→ **TASK BRIEF**: Pictures aside, the data must be reproduced exactly.

** Opening MATERIAL SHOWN block **

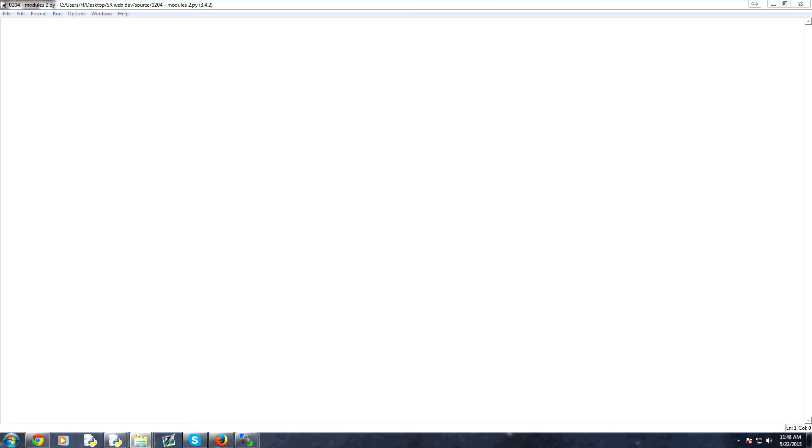The first thing I want to show you guys is that modules aren't magical. They're just Python programs. So when you download a module, first of all, where does the module go?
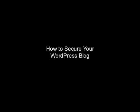In this video, I'm going to explain how you can secure your WordPress blog, and there are several procedures that you can follow.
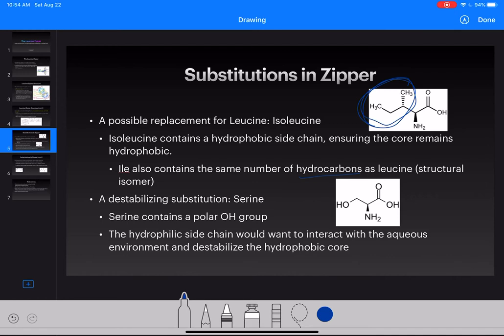Something that would destabilize this coiled coil would be serine, because it has an OH group which adds polarity to that side chain, making it more hydrophilic. It would want to interact with the aqueous solution and would totally destabilize that core. Even with any hydrogen bonding and electrostatic forces, serine is still hydrophilic and would want to be touching the aqueous solution.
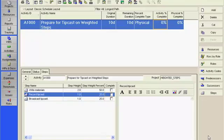This tipcast provides instructions for utilizing weighted steps in the determination of activity percent complete in Primavera P6. Activity steps provide a way to break activities down into smaller units and track the completion of those units. In this example,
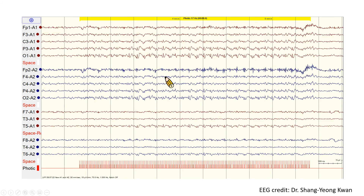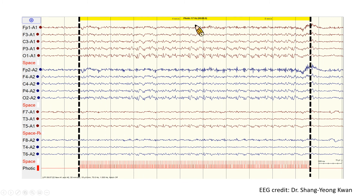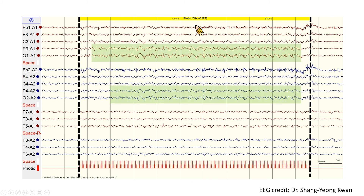This is an A1-A2 reference montage EEG. Between dashed lines is the flash stimulus trial of 17 Hz. We can see photoparoxysmal responses shown as spike and wave complexes, starting in the bilateral occipital region with secondary bisynchrony. We can see there is no time-locked relationship between the photoparoxysmal response and flash stimulus — the onset and cessation of the photoparoxysmal response show no temporal relationship to the flash stimulus.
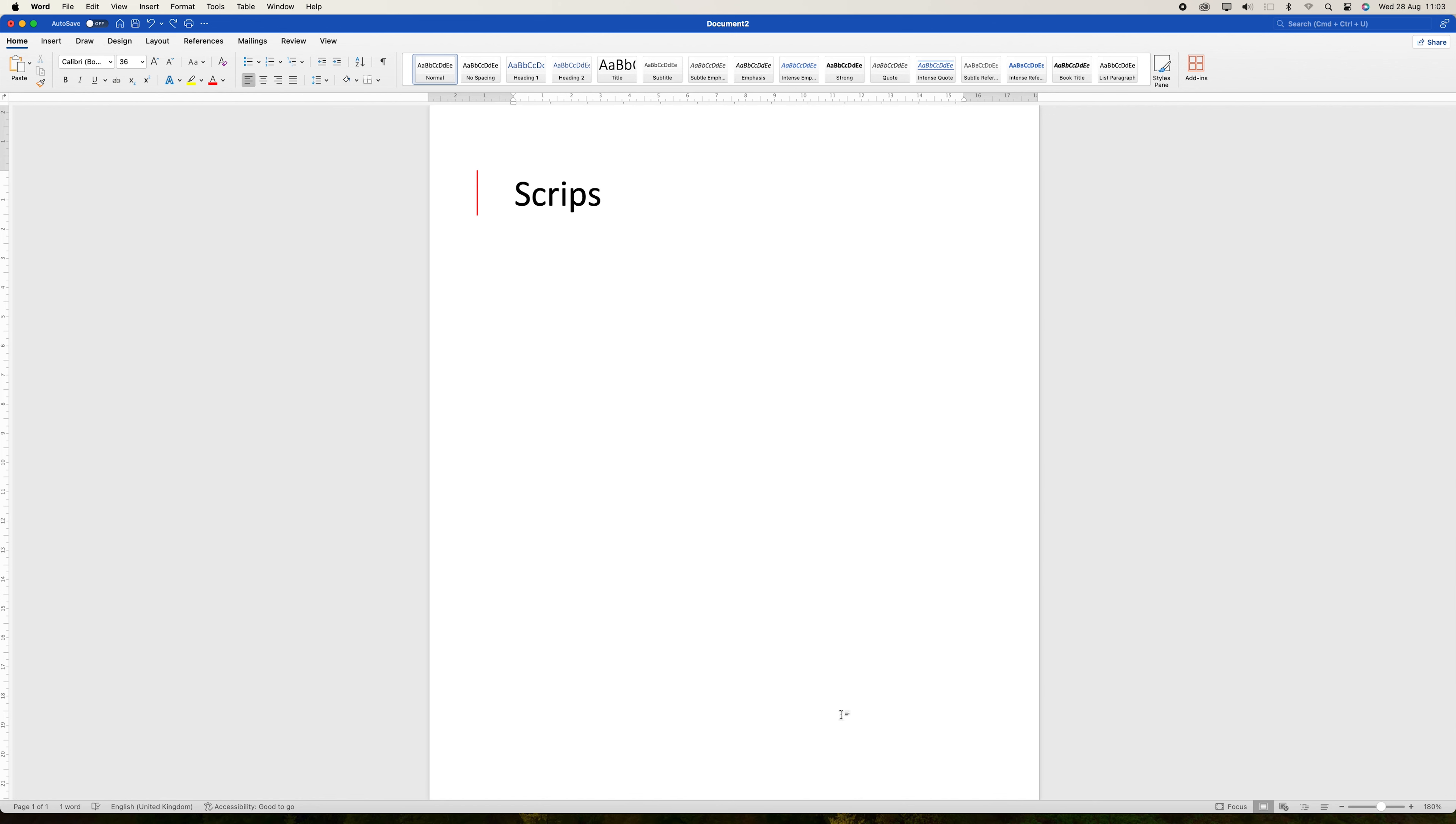Microsoft Word has a helpful function that allows you to view two instances of the same document at once. This is very helpful when you need to compare different portions, cross-reference data, or work on different areas of a lengthy document without continuously scrolling back and forth.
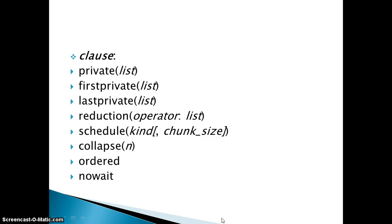These are the clauses which has been used along with #pragma omp parallel for: private, firstprivate, lastprivate in which the number of variables are given as the parameter to these clauses, then the reduction clause in which you are giving the operator and the list of variables, then comes the schedule clause which we are going to study today.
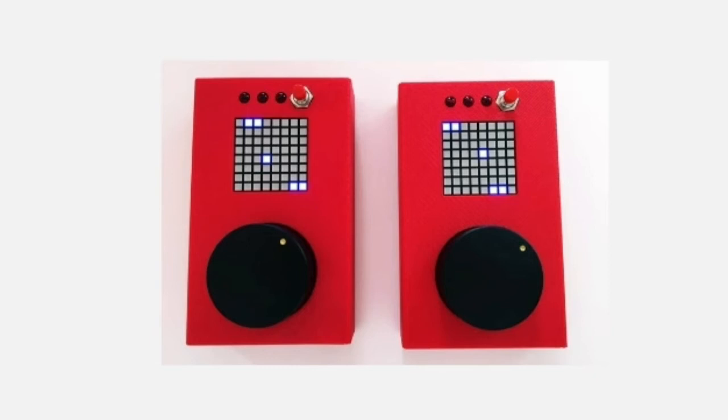The build is simple enough for beginners, but still fun for those with more experience. This build includes an 8x8 pixel LED matrix display, a paddle, and one button.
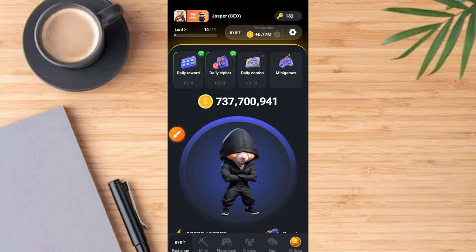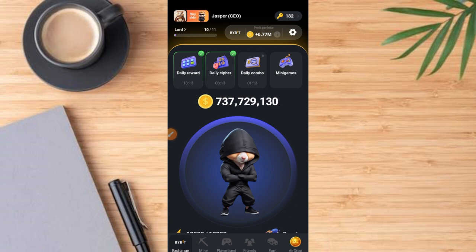Hi guys, welcome to today's video. There is important information on Hamster Kombat. If you have been mining on this platform and you've connected your wallet or submitted your wallet in the airdrop at the beginning of this project, and you have not confirmed whether your wallet has been successfully submitted, I will guide you on how to do that right away, because this might cause you to not receive your airdrop.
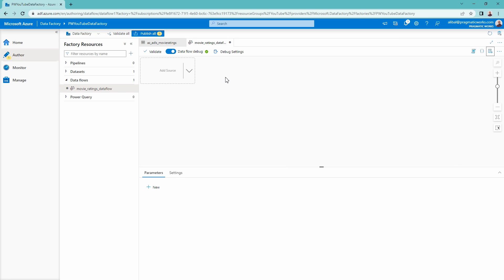Let's give this data flow a name — we're going to call this our Movie Ratings Data Flow. Data flow debug is the compute source that allows us to work with an Apache Spark cluster, which is used to make this transformational logic happen. Data flows are great because they are populated with a graphical user interface — I do not necessarily need to know SQL or any other language to do my transformation. I can populate this data flow with a data source and make transformations inside of it.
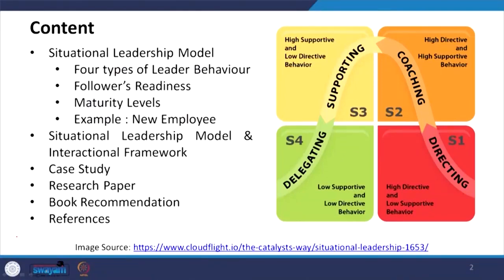In the situational leadership model, there are four types of leader behavior that we will be discussing. The follower's readiness is very important, then the maturity levels of the follower, then the new employee situation. In the situational leadership model and interactional framework, we will also cover case studies, research papers, book recommendations, and references.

** Closing MATERIAL SHOWN block **

→ **RESULT**:
The first thing I want to show you guys is that modules aren't magical. They're just Python programs. So when you download a module, first of all, where does the module go?
In this video, I'm going to explain how you can secure your WordPress blog, and there are several procedures that you can follow.
Something that would destabilize this coiled coil would be serine, because it has an OH group which adds polarity to that side chain, making it more hydrophilic. It would want to interact with the aqueous solution and would totally destabilize that core. Even with any hydrogen bonding and electrostatic forces, serine is still hydrophilic and would want to be touching the aqueous solution.
This tipcast provides instructions for utilizing weighted steps in the determination of activity percent complete in Primavera P6. Activity steps provide a way to break activities down into smaller units and track the completion of those units. In this example,
This is an A1-A2 reference montage EEG. Between dashed lines is the flash stimulus trial of 17 Hz. We can see photoparoxysmal responses shown as spike and wave complexes, starting in the bilateral occipital region with secondary bisynchrony. We can see there is no time-locked relationship between the photoparoxysmal response and flash stimulus — the onset and cessation of the photoparoxysmal response show no temporal relationship to the flash stimulus.
Microsoft Word has a helpful function that allows you to view two instances of the same document at once. This is very helpful when you need to compare different portions, cross-reference data, or work on different areas of a lengthy document without continuously scrolling back and forth.
These are the clauses which has been used along with #pragma omp parallel for: private, firstprivate, lastprivate in which the number of variables are given as the parameter to these clauses, then the reduction clause in which you are giving the operator and the list of variables, then comes the schedule clause which we are going to study today.
The build is simple enough for beginners, but still fun for those with more experience. This build includes an 8x8 pixel LED matrix display, a paddle, and one button.
Hi guys, welcome to today's video. There is important information on Hamster Kombat. If you have been mining on this platform and you've connected your wallet or submitted your wallet in the airdrop at the beginning of this project, and you have not confirmed whether your wallet has been successfully submitted, I will guide you on how to do that right away, because this might cause you to not receive your airdrop.
Let's give this data flow a name — we're going to call this our Movie Ratings Data Flow. Data flow debug is the compute source that allows us to work with an Apache Spark cluster, which is used to make this transformational logic happen. Data flows are great because they are populated with a graphical user interface — I do not necessarily need to know SQL or any other language to do my transformation. I can populate this data flow with a data source and make transformations inside of it.
In the situational leadership model, there are four types of leader behavior that we will be discussing. The follower's readiness is very important, then the maturity levels of the follower, then the new employee situation. In the situational leadership model and interactional framework, we will also cover case studies, research papers, book recommendations, and references.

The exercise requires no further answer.